By Matt Delaney, DevOp, Edmonton
There is a vast treasure trove of information hiding inside the log files on your servers, but visualizing and exploring such a large amount of textual data can be difficult. There are a few problems you must first overcome.
For starters, these log files are often distributed over many machines, so you must first aggregate them into a single location. Next, you'll need to find the information you are looking for (which can involve doing a fair bit of command-line magic), and even then it may be difficult to visualize without the aid of some graphical tools.
Logstash directly addresses these common pain points by: aggregating log files, parsing them, inserting them into a searchable database (Elastic Search), and providing a number of ways to visualize the data (Kibana).
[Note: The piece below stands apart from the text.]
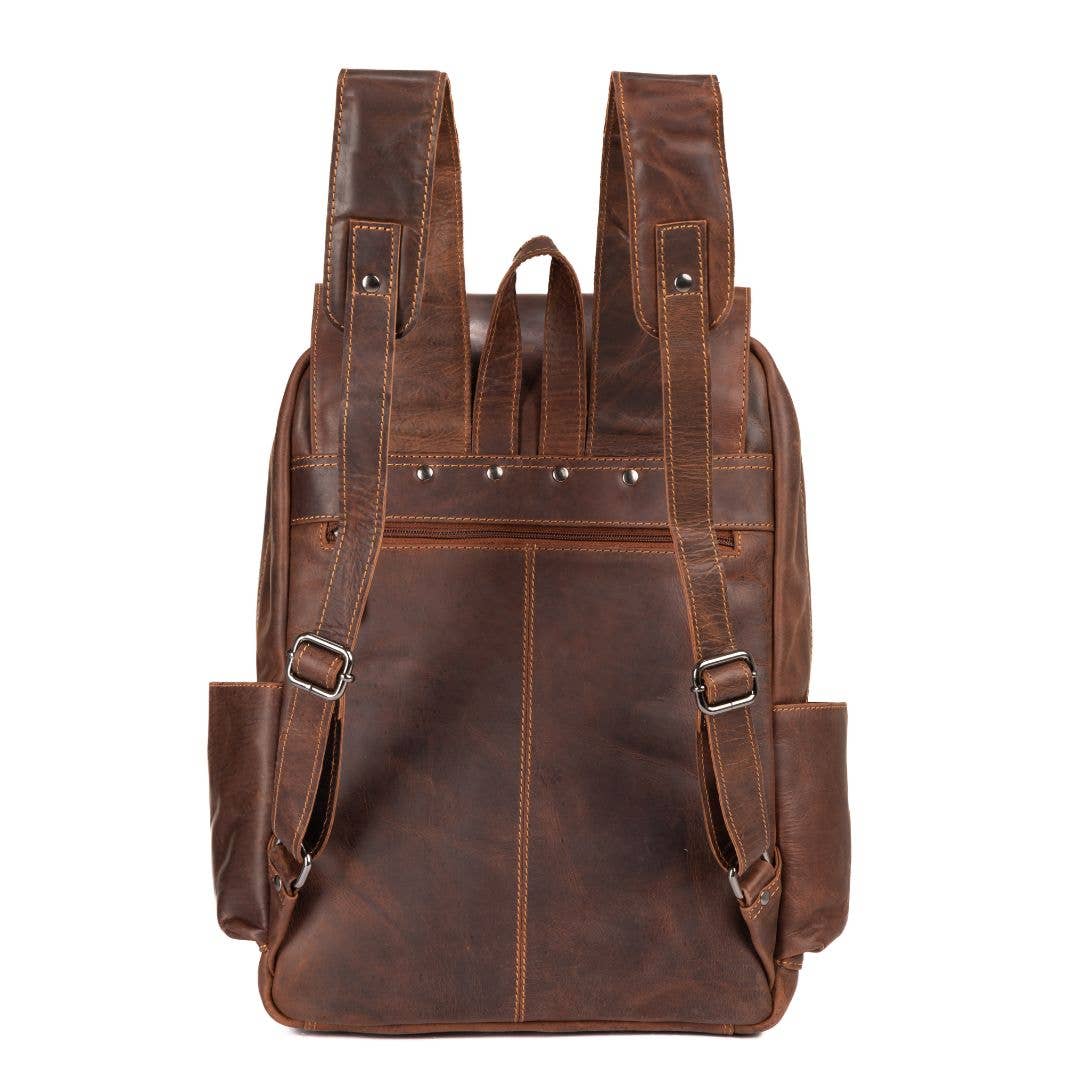 Greenwood Leather - Wholesale Backpack - Unisex - Leather Vintage Backpack Scott- Unisex GW68095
In this series of blog posts, I'll take a look at how Cybera was able to leverage Logstash to find the cause of an elusive performance issue that we experienced with our Learning Management Cloud. I'll then show how to set up logstash to monitor and analyze the log files of a number of different systems.
So without further ado, let's dive in.
In the Learning Management Cloud we run Moodle instances for a number of post-secondary institutions. Recently, we received reports of occasional slow Moodle page load times ' specifically, a few users said their quizzes were taking a long time (more than 15 seconds) to load or submit answers. Initially we had nothing more to go on than a few dates and times that people noticed the problem. A natural place to look was at the Apache access logs, so that is where we started.
The above graphs were generated using Kibana (often used as a front-end to visualize Logstash data). The left graph shows the number of Apache requests over time, the middle shows the mean response time for requests, and the right shows the mean number of bytes per request. The response time graph shows three distinct spikes, so this is a good sign that we're on the right track.
To look at only quiz related traffic, we filter out any request that does not have the word 'quiz' in the request path. This produces the following graphs over the same timeframe:
The middle graph shows the same spikes in response time, so it looks like we are on the right track. Now we need to look at what is happening just before each spike, and hopefully we will start to see a pattern.
Aside from creating nice graphs, Kibana can also show data in nice sortable tables. The table below is sorted to show requests in descending order of response time. Because there are so many requests, we narrowed the timespan to only encompass the first spike in response time and only consider POST requests (based on a hunch that anything that hits the system really hard would likely be the result of a POST request).
Sure enough, the very first request takes about 182 seconds to complete and it occurs at the very start of the first spike in response time. It is a similar story for the other two spikes ' both are preceded by a POST request to modduplicate.php. Below is a graph that we generated to show the occurrence of the load spikes, with the times of modduplicate requests tagged.
As you can see, each large spike is immediately preceded by a POST to modduplicate. It turns out that this request kicks off a database-intensive operation that created a bottleneck, slowing down all other requests that hit the database drastically. When we did a similar investigation of other spikes in response time, we found they were also preceded by similar database-intensive requests.
Now, imagine attempting to do the above analysis using typical command-line tools. Just the act of finding the exact times of the spikes in response time would have been quite difficult and time consuming, and that was only the first step in locating possible causes.
Hopefully, this gives you an idea of how powerful and time-saving Logstash can be. In my next few posts, I will go step-by-step through the process of setting up a logstash server, monitoring log files, and analyzing the data.